Another important rule boaters need to remember while boating on Smith Lake is — just like on the highway — drinking and operating a boat is against the law.
“All three counties that surround Smith Lake are dry, so folks need to be aware of that. But I think the more important thing to remember in many ways, is that drinking and operating a boat is a lot more dangerous than drinking and driving a car,” Williams said. “And here’s why - boaters tend to get a condition known as boater’s fatigue, especially toward the end of the day.”
Williams said boater’s fatigue is caused by the glare of the sun, the action of the waves, the wind and general tiredness, you add alcohol to that mix and you have a very deadly combination
“There has been talk that I’ve been overbearing on the people on Smith Lake. But that’s simply not the case,” Williams said. “I’m just doing my job. I don’t make the laws. I just enforce them.”

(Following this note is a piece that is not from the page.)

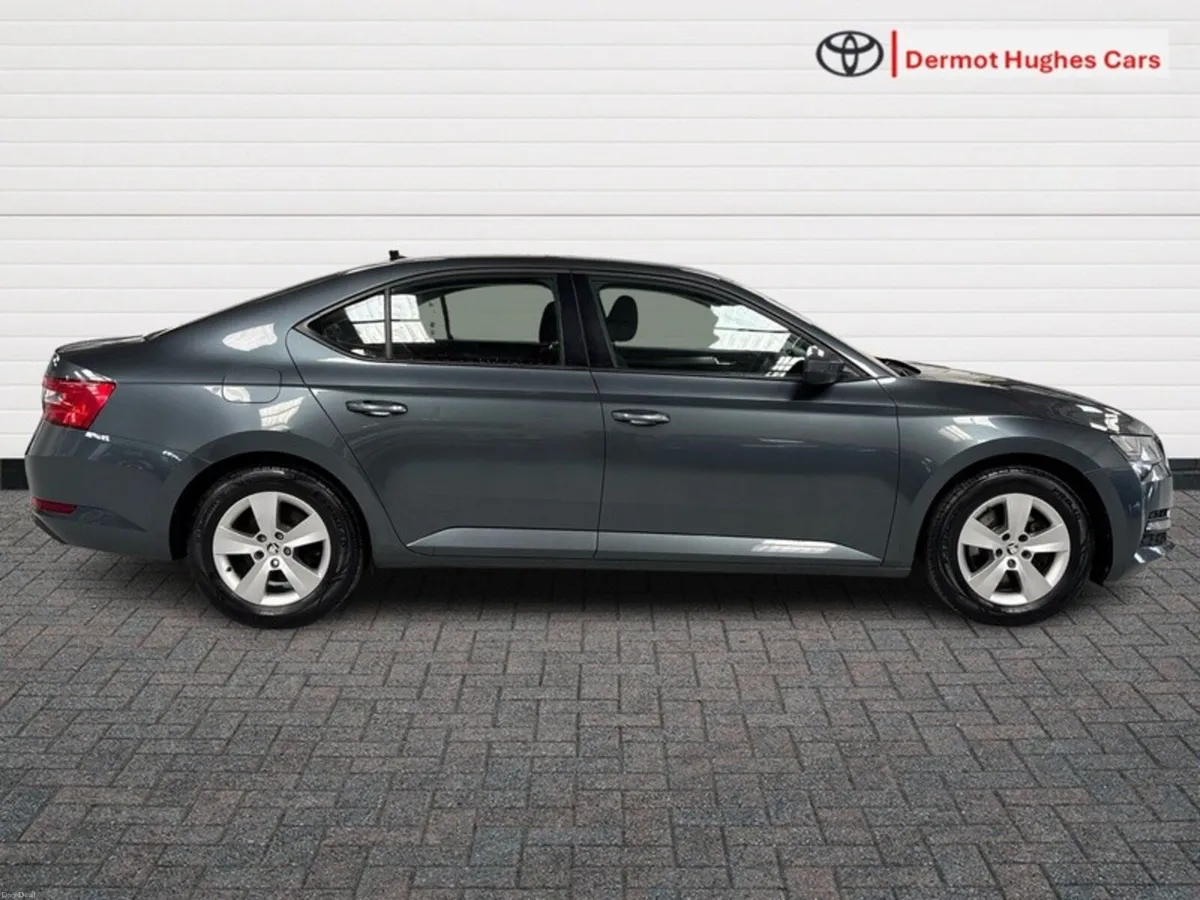 Skoda Superb ACTIVE 2.0 TDI 150HP 4DR - Image 3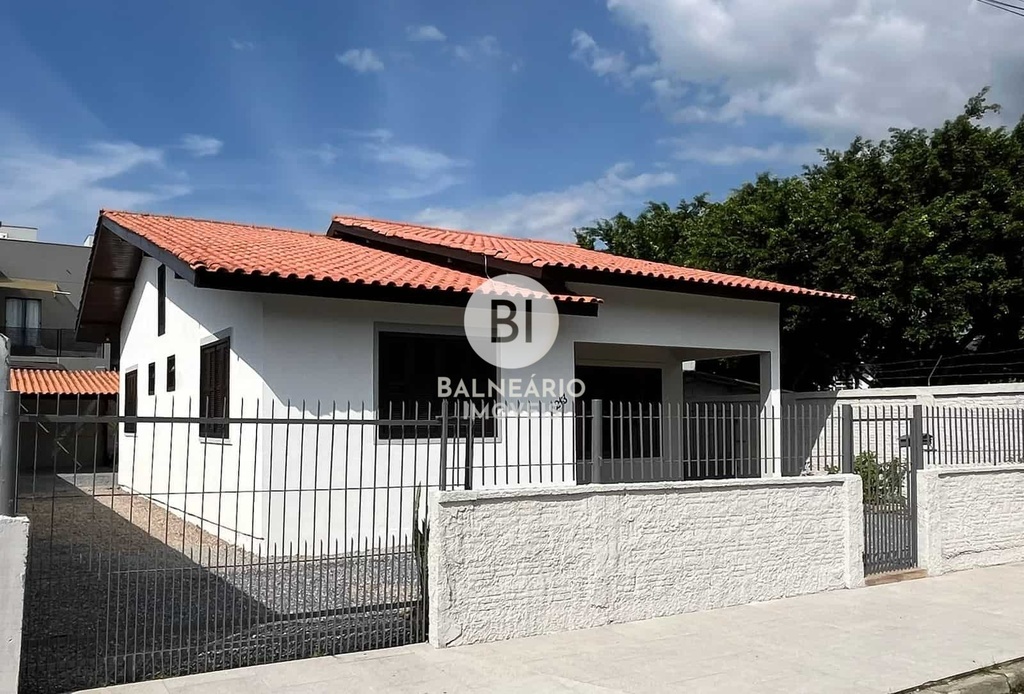 residential-/-home-4-quartos-210m2-jardim-dourado-porto-belo-sc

According to Alabama Marine Police statistics collected over the past five years, Lewis Smith Lake is one of the safest lakes in Alabama with its peak boating season generally running from May through September.
“We have one of the most family-friendly lakes in the state. You can bring your family out here, have a good time and go home safely,” Williams said. “But, like anywhere else, we do have folks who’d rather bend rules instead of follow them, so that’s why we’re here. Not to make friends, but to keep everyone safe.”
Whether people like to fish, water ski, tube, jet ski or just like to ride around in a boat summer days on the water can quickly end up in disaster if people are not prepared.
“You should always keep a sharp lookout for weather changes. Storms can come up quickly, especially in the summer, so remember to check the weather forecast before you head out, and watch out for any temperature changes and shifts in wind patterns. Because high winds on a lake can send you for a spin pretty quick,” Williams said. “Be sure to have Coast Guard approved life preservers for everyone on the boat, a fire extinguisher, a Class C flotation device for throwing and your boating license and registration.”
Walker County District Court Judge Greg Williams, who handles all the local cases from the Alabama Department of Conservation, is also urging boaters and parents to be more responsible this boating season.
“Our marine police are out there on the lake working hard to keep everyone safe,” Williams said. “We want folks to have fun on water this boating season, but be responsible about it at the same time. Have your boating licenses with you, don’t drink and drive and always be aware of what other boaters are doing around you.”
Williams is urging parents to keep their children safe while on the water. One of his main concerns is small children operating personal watercraft.
“It’s against the law for children 14 and under to operate any type of personal watercraft without a licensed operator on board over the age of 21. I compare it to putting a child on a Harley and letting them go down the road without you,” Williams said. “Why would you let your 10-year-old get on a wave runner without you? I would hate for someone’s Memorial Day weekend to end in a terrible accident, especially one that could have been avoided if they had just been more responsible.”